COVID-19 has inflicted disproportionate levels of hardship on BAME groups. Yet the situation cannot change for the better until there is a full and frank discussion about why it has occurred. Within the factors thought to play a part, it is important to recognise one recurring theme: inequality.
Underlying health conditions are a hugely significant factor- certain BAME groups are disproportionately likely to suffer from ‘at risk’ illnesses, or in other words, conditions known to increase the threat posed by COVID-19.
For example, black and South Asian groups suffer much higher rates of diabetes than the population as a whole, a fact that may account for the increased levels of mortality in these groups. Added to this, hypertension (high blood pressure) is notably common within Black African and Black Caribbean groups, one of a number of cardiovascular problems known to make a person more vulnerable to COVID-19.

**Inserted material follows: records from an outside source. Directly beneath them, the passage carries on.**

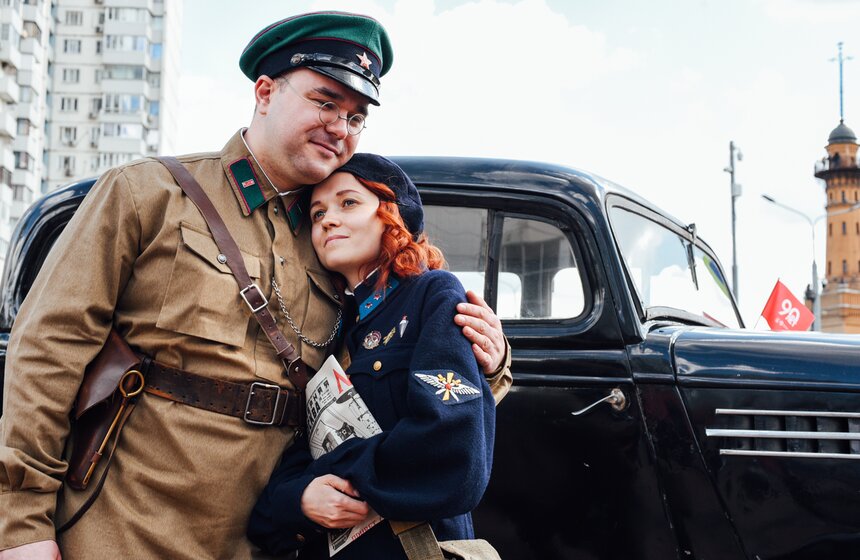 К 90-летию московского метро у станции "Сокольники" воссоздали атмосферу 30-х годов 19 фото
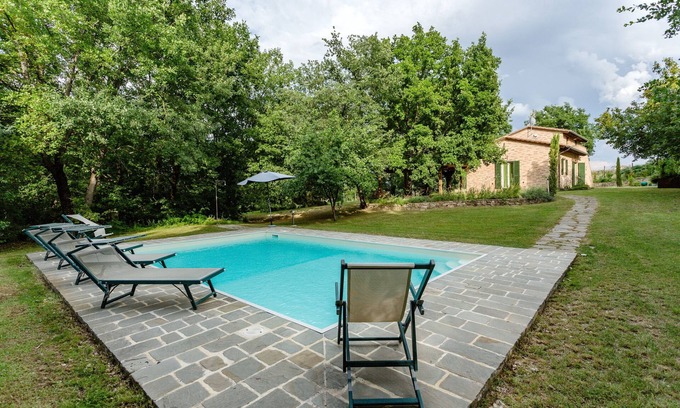 Marciano della Chiana House | Charming farmhouse immersed in the Tuscan countryside with private swimming pool and garden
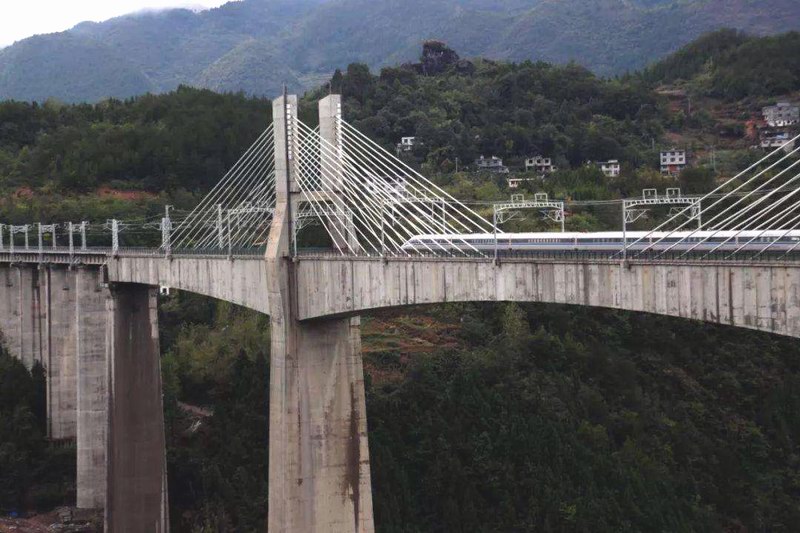 黔江区舟白街道阿蓬江特大桥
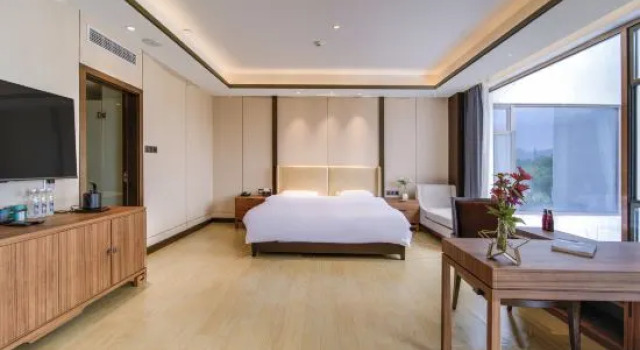Семейный люкс Yilong An'yun Hongcun  Wild Luxury Resort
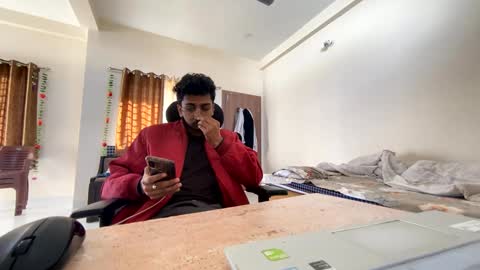 Snapshot of maskboyz2004 chatting on 02.02.25 Mask Boy online show from 02.02.25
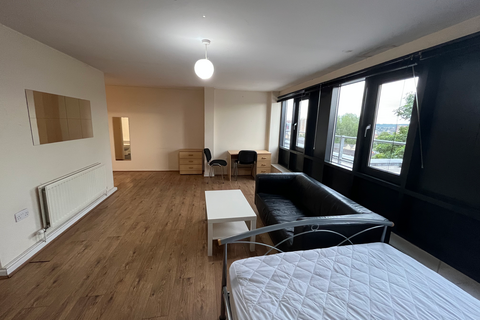 Studio to rent, Flat 19D, 59-61 Clarendon Road, LS2 9NZ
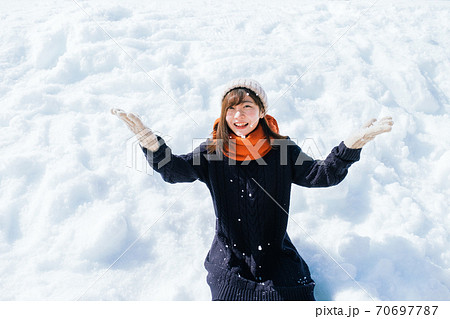 雪の上に座る女の子の写真素材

Ethnicity itself does not cause these illnesses to develop. What does however is poverty, something BAME groups far more likely to experience than the white British majority. With this in mind, social deprivation can be seen as an overarching cause of susceptibility to COVID-19.
Geography and housing
Geographic location must also be taken into account, as BAME groups predominantly live in large urban areas with high concentrations of COVID-19. Black Caribbean individuals, for example, on average reside in areas with a third more confirmed cases per capita than white British individuals. Added to this, 60% of the black population in England and Wales live in London, a city that has experienced disproportionately high numbers of deaths.
Housing plays a significant role- all ethnic minority groups are statistically more likely to live in overcrowded accommodation than those from a white British background. Focusing on London specifically, less than 2% of white British households have more residents than rooms. For Bangladeshi households, this figure stands at just under 30%.
Overcrowded housing not only increases the risk of transmission, but makes self-isolating extremely difficult. Whilst these living arrangements are often caused by poverty, it is important to note that multi-generational households are also common in South Asian groups for cultural reasons.
Although the disparity in deaths is still not fully understood, the preponderance of BAME individuals in key worker roles is thought to be a pivotal factor. Those exposed to the virus through work are at a considerably higher risk than the wider population, and members of BAME groups are disproportionately likely to have jobs where close contact with COVID-19 is unavoidable.
Black Africans are 50% more likely to be key workers than those of a white British background, and almost three times as likely to work in health and social care. Further to this, Black Africans account for 7% of NHS nurses, despite the ethnic group forming just 2.2% of the overall population. The overrepresentation of BAME groups in dangerous, patient-facing roles may go some way towards explaining the inordinate numbers of deaths.
Yet even within the NHS workforce, a dramatic disparity in deaths has been observed. Although only 20% of all nurses are BAME, they have accounted for a staggering 64% of deaths within this staff group. This suggests that even within high-risk sectors, BAME staff occupy the most dangerous roles. With low pay a pressing issue for BAME groups, it is likely that the most dangerous roles are those that are low-paid.
The economic shutdown will affect some sections of the population more than others. Whilst Pakistanis and Bangladeshis are less likely to be in paid work than other groups, they are also more likely to live in households where only one person is in paid work. If this person works in a shut-down sector, there will be no-one to help cover the loss in income, leaving the whole household vulnerable to destitution.
This is also a problem within the Black African and Black Caribbean groups due to the high numbers of lone parent families. Even for lone parents whose jobs are unaffected, it may prove difficult to balance work and care in the context of disruption to schools and childcare facilities.
In addition to varying family circumstances, varying levels of exposure to the shutdown itself will also lead to certain ethnic groups being affected more than others. Whilst in the population as a whole women are more likely to work in shut-down sectors, this is driven by the white British group. For a number of BAME groups, the opposite is true- Bangladeshi men are substantially more likely to work in a shut-down sector, largely due to their concentration in the restaurant sector. When this is combined with the fact that Bangladeshi women are less likely to be in paid employment, the Bangladeshi group as a whole is notably exposed to the economic shutdown.
Inequality can be seen as a unifying theme in the factors discussed. From the virus itself to the impact of the shutdown, BAME groups are left dangerously exposed to the pandemic by social disadvantage. Creating a truly just society is the only way to rectify the situation.